Last night we attended the opening of The Downside Risk at the Wings Theatre. Our friend Shannon Black was one of the actors in it, and we enjoyed her performance in Next Stop, Nightmare (written and directed by her husband, Jason Black). This is a limited run show, eight performances through September 11th, so you still have time to go see it.
On the page linked above is the following quote:
Bill Svanoe’s play has been labeled the “Death of a Salesman for the Computer Age.”
I would say that’s accurate. Bill totally captures the life (lives) of people who are on the road selling non-stop. Of course, there is a toll on everyone around them, families, friends, customers, acquaintances, etc.

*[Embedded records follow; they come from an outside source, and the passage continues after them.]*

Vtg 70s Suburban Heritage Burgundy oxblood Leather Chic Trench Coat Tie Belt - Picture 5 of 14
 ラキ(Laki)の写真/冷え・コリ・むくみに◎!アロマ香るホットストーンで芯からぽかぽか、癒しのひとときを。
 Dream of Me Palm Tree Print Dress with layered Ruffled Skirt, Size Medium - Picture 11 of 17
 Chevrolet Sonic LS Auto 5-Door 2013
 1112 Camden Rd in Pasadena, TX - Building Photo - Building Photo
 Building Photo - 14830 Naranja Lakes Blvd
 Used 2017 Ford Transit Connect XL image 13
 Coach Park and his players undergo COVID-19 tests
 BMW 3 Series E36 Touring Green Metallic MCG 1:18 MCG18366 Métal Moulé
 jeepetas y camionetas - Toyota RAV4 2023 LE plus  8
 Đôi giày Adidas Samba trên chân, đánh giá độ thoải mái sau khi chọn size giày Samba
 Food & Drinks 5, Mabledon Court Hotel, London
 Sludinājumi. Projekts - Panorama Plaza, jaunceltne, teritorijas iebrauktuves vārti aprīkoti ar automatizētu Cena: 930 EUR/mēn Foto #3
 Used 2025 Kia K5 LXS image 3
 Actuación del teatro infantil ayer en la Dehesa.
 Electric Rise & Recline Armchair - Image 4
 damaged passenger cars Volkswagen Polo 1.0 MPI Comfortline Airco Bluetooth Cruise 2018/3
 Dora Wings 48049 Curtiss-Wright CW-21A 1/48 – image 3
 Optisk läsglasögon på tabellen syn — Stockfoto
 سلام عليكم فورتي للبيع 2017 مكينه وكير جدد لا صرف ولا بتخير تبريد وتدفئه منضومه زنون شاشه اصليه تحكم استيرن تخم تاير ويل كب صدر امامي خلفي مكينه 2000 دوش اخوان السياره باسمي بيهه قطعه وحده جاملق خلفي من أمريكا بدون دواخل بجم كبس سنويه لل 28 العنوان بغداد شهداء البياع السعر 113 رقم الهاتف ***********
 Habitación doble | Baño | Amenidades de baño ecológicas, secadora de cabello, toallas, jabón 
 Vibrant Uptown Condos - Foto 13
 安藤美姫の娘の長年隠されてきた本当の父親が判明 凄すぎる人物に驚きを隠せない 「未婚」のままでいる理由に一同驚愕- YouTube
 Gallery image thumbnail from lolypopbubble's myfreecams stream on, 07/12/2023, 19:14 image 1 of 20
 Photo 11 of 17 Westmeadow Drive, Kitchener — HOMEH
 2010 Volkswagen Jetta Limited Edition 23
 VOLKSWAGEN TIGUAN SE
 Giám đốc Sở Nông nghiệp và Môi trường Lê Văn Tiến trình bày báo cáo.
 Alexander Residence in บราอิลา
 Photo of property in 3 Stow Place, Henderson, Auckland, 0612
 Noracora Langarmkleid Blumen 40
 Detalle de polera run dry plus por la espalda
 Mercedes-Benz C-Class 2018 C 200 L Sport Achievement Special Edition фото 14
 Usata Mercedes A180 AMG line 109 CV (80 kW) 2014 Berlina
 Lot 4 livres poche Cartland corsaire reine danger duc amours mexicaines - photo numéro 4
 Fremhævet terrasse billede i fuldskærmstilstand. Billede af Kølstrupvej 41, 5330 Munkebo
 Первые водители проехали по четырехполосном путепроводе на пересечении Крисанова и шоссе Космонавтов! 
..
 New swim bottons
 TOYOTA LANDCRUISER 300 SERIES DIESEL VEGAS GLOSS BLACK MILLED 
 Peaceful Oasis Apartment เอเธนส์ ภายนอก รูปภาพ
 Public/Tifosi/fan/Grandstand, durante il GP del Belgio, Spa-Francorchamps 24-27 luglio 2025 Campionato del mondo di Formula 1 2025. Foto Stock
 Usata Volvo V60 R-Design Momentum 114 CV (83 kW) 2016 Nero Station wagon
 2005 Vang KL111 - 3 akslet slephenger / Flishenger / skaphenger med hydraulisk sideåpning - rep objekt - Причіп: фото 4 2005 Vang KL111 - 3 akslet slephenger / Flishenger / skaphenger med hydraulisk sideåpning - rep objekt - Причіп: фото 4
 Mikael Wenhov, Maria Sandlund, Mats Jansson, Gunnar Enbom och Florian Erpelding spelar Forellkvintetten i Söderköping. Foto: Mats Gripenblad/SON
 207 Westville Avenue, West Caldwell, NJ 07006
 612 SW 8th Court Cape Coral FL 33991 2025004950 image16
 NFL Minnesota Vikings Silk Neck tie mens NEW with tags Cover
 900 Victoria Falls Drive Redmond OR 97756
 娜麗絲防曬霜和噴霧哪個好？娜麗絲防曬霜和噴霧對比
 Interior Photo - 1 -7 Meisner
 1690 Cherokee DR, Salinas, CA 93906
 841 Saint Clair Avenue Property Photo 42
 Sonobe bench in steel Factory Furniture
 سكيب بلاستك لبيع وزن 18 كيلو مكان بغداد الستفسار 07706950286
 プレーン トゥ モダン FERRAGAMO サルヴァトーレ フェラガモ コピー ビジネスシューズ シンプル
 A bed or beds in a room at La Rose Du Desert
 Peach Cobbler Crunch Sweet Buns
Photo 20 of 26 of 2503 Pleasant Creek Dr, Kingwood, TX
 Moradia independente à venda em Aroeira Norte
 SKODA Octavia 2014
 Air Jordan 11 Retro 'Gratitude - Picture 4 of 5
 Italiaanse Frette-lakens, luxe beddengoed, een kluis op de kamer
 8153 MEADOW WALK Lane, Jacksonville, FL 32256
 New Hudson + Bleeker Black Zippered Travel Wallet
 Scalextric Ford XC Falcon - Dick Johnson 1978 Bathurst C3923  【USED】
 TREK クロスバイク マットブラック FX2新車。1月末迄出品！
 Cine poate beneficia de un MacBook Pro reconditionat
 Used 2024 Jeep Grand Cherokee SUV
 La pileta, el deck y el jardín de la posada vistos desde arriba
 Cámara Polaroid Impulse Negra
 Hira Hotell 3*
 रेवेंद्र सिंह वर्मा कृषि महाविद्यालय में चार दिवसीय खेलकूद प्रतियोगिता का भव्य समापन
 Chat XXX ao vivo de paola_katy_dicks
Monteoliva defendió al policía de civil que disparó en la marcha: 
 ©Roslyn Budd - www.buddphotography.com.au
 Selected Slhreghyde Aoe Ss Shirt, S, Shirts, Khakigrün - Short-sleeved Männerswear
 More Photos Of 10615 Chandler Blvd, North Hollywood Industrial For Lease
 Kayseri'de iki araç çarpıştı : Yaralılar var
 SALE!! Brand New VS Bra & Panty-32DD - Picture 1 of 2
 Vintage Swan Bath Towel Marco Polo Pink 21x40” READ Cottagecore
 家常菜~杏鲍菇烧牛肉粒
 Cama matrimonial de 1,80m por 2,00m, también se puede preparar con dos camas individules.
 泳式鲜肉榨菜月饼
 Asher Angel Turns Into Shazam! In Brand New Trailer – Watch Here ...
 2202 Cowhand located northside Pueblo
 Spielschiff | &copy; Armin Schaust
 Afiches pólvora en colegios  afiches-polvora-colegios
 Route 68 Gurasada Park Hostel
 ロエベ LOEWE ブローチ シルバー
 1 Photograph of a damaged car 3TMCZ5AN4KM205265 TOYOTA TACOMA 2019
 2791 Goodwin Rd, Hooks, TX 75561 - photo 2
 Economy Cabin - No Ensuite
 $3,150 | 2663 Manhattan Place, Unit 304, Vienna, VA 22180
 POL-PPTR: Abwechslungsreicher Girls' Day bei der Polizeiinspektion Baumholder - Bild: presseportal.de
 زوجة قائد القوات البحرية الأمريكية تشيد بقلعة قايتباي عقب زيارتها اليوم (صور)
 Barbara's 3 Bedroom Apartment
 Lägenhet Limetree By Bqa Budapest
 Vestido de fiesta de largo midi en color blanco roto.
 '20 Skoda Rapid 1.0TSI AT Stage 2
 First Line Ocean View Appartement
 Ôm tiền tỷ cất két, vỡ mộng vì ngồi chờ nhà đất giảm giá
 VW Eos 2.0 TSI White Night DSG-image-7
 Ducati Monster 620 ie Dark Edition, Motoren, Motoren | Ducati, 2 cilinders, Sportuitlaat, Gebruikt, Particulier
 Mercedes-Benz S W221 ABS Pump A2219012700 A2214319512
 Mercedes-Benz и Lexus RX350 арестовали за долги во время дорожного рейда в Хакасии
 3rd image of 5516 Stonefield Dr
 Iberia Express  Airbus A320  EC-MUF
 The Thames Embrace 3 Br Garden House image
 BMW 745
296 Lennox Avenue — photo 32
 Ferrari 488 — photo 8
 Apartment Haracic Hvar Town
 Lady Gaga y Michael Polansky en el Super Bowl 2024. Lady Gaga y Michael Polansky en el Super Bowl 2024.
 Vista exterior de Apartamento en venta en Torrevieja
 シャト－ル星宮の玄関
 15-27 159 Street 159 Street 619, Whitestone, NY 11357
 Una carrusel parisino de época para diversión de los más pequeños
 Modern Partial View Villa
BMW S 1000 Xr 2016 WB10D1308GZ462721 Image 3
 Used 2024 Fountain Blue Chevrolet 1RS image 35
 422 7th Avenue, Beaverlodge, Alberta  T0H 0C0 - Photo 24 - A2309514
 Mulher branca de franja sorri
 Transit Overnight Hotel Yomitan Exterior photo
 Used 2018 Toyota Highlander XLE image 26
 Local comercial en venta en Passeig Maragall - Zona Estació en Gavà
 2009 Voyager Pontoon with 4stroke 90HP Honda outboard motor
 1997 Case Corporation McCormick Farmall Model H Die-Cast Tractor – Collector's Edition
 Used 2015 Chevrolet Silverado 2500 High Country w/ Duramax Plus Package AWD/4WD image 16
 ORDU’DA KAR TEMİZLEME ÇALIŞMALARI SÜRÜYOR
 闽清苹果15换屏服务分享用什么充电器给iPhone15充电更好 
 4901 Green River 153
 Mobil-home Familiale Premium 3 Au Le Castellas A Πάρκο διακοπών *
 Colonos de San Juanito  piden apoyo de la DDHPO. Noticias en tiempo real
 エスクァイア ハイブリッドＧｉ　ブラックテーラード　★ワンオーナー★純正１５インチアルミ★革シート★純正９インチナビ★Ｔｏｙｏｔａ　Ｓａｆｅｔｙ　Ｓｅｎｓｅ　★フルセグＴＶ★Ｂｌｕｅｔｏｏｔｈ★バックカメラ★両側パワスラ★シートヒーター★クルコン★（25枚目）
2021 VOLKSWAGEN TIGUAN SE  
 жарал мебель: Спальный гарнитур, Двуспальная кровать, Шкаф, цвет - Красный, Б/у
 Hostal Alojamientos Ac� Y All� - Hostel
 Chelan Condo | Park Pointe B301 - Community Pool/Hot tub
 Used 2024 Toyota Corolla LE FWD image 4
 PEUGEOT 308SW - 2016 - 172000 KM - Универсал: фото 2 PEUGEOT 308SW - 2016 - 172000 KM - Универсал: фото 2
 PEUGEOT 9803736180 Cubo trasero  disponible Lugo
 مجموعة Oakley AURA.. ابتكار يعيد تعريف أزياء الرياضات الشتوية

At intermission, the three of us (we attended with a friend) predicted the two major plot twists. We were correct. I wasn’t even slightly disappointed to have been correct. In fact, those were two of the more interesting and poignant scenes in the play. I was glad not to be shocked by a trick, but rather moved by a well-written, well-acted realistic turn of events.
It was opening night, so there was some shakiness expected. While there were a few tiny flubs (quickly and well repaired), I was surprised by how few, so a shout-out to the cast for working so hard to get it right the first time out of the gate.
In general, that cast was pretty good, though there was noticeable variability between the best and worst of them. If you read my post about Next Stop, Nightmare, you already know how highly we think of Shannon, so let me call out a few of the other actors.
Both Lois and I agreed that the best performance was delivered by Zade O’Blenes. While Zade was on stage for quite a bit of the play, she was not a central character. Yet, whenever she was in the scene (one very dramatic one in particular), she was incredible.
Geoff Schuppert played the lead. Geoff was in nearly every scene, so his ability to maintain focus and passion throughout was extremely impressive. A very few times his role felt a tad over-acted, but given how long he was on stage, and what a powerful performance he gave, I feel a bit guilty sharing that.
Matt Klane played another central character and was believable throughout in a role that could be very tricky to play correctly.
There were a number of other good performances in supporting roles.
The play lasted 1:50, including a 10 minute intermission. We enjoyed it, but with some quality editing, it could probably be shortened by 10-15 minutes and be improved at the same time. Still, a very solid show, worth catching, if you want to be pulled into a world many of us see only peripherally.
Lois took very few shots because she didn’t want to distract the actors (it feels totally different to a musical performance). Here is one good shot of Shannon (we were very close to this part of the stage) and part of the long line of actors who took a well-deserved curtain call:
The friend we went with lives a block away from the theater. When we suggested we grab dinner before the show, he recommended Malatesta Trattoria which happened to be exactly across the street from the theatre.
We had an incredible meal there and got to relax and catch up with a good friend. The only thing to be forewarned about (I was, so it wasn’t a problem for me) is that this place is cash only. The restaurant staff couldn’t be nicer or more helpful. Two of us had the Swordfish (which was one of the specials of the day) and was awesome. I also highly recommend the latte.